Hetero Feature Selection¶
Feature selection is a process that selects a subset of features for model construction. Taking advantage of feature selection can improve model performance.
In this version, we provide several filter methods for feature
selection. Note that module works in a cascade manner where
selected result of filter A will be input into next filter B.
User should pay attention to the order of listing when
supplying multiple filters to filter_methods
param in job configuration.
Features¶
Below lists available input models and their corresponding filter methods with links to examples:
Input Models | Filter Method |
---|---|
None | manual |
Binning | iv_filter(threshold) iv_filter(top_k) iv_filter(top_percentile) |
Statistic | statistic_filter |
Most of the filter methods above share the same set of configurable parameters. Below lists their acceptable parameter values.
Filter Method | Parameter Name | metrics | filter_type | take_high |
---|---|---|---|---|
IV Filter | filter_param | "iv" | "threshold", "top_k", "top_percentile" | True |
Statistic Filter | statistic_param | "max", "min", "mean", "median", "std", "var", "coefficient_of_variance", "skewness", "kurtosis", "missing_count", "missing_ratio", quantile(e.g."95%") | "threshold", "top_k", "top_percentile" | True/False |
1. - iv_filter: Use iv as criterion to selection features. Support three mode: threshold value, top-k and top-percentile.
- threshold value: Filter those columns whose iv is smaller
than threshold. You can also set different threshold for
each party.
- top-k: Sort features from larger iv to smaller and take top
k features in the sorted result.
- top-percentile. Sort features from larger to smaller and
take top percentile.
-
statistic_filter: Use statistic values calculate from DataStatistic component. Support coefficient of variance, missing value, percentile value etc. You can pick the columns with higher statistic values or smaller values as you need.
-
manually: Indicate features that need to be filtered or kept.
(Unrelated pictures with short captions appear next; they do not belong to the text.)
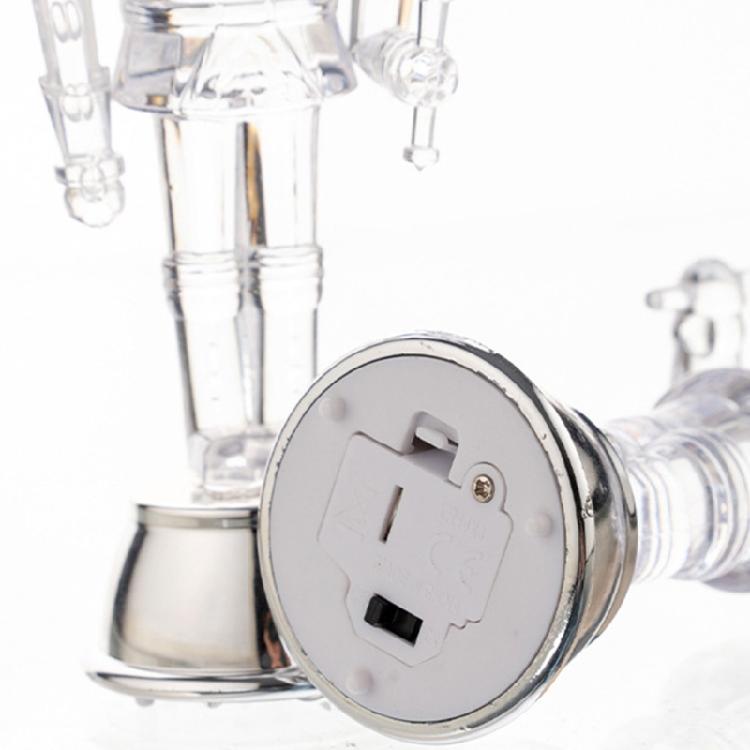 Christmas Gift LED Lighted Nutcrackers Soldier Decoration For Festives Home Party Office Desk And Retail Stores Display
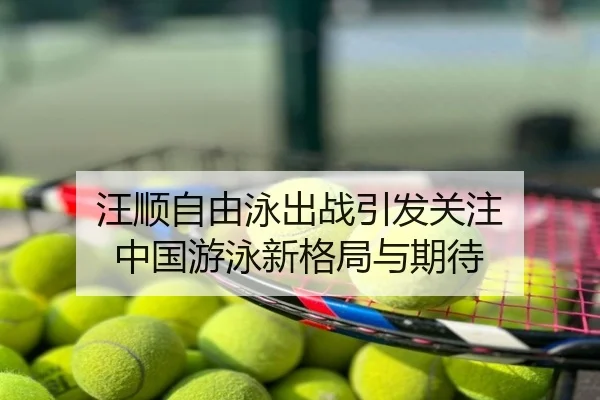 汪顺自由泳出战引发关注 中国游泳新格局与期待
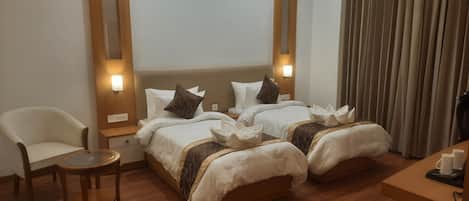 Deluxe Double or Twin Room, Park View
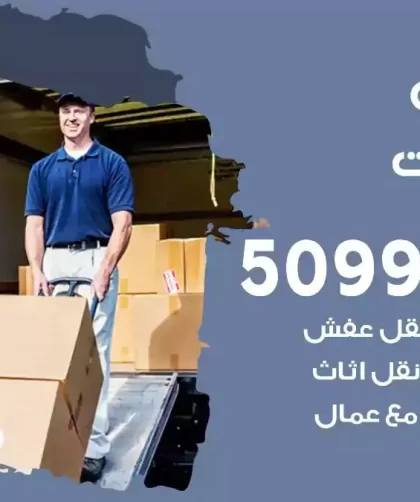 شركة نقل اثاث الشاليهات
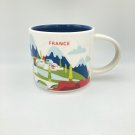 Starbucks FRANCE 14 oz Mug Alps You Are Here (2023) EUC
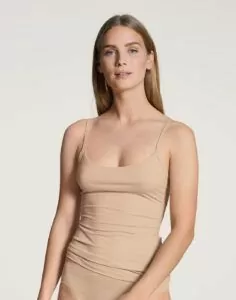 singlet i beige fra calida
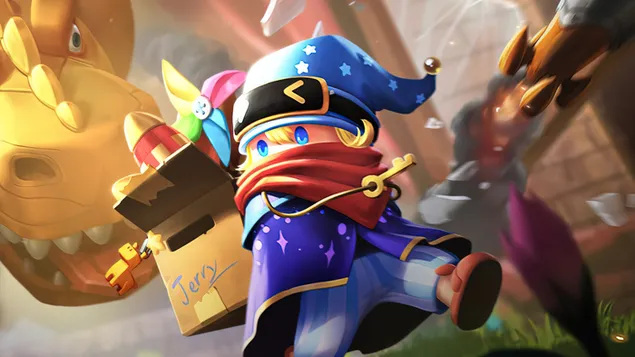 トイレックス'バラット'-モバイルレジェンド（ML） 4K 壁紙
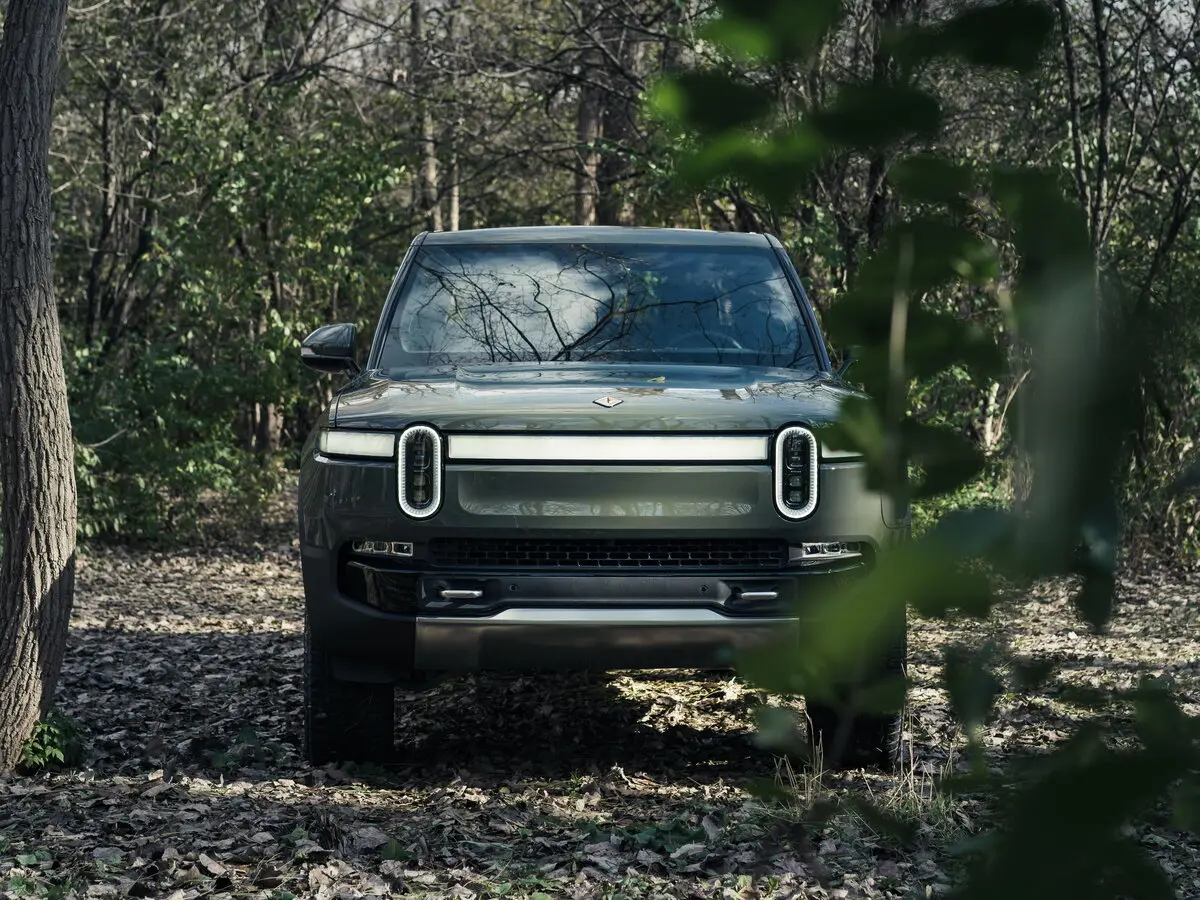 Rivian R1T 2021 – н.в. Пикап Двойная кабина — сүрөт 3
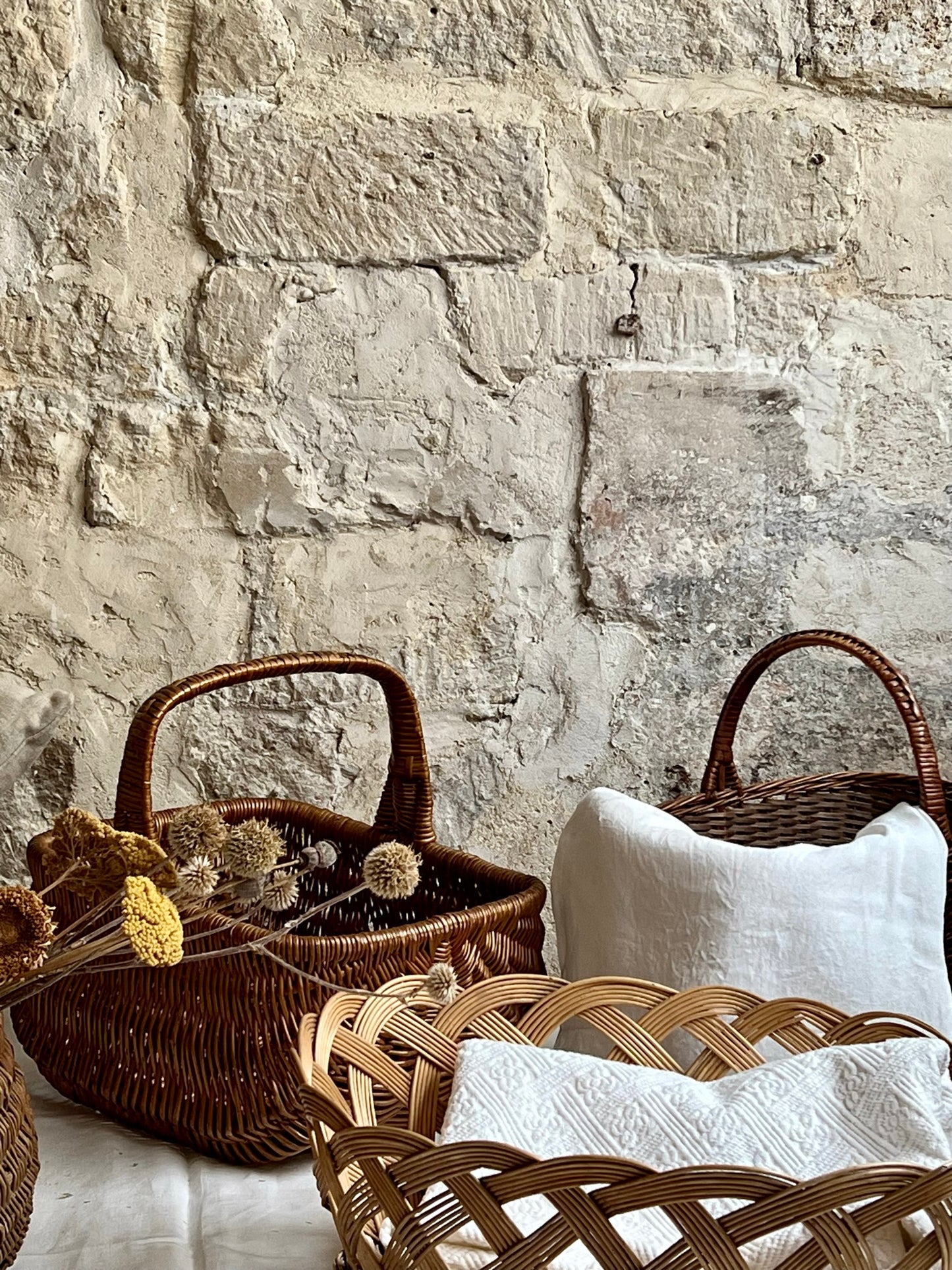 panier osier grande taille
Besides, we support multi-host federated feature selection for iv filters. Starting in ver 2.0.0-beta, all data sets will obtain anonymous header during transformation from local file. Guest use iv filters' logic to judge whether a feature is left or not. Then guest sends result filter back to hosts. During this selection process, guest will not know the real name of host(s)' features.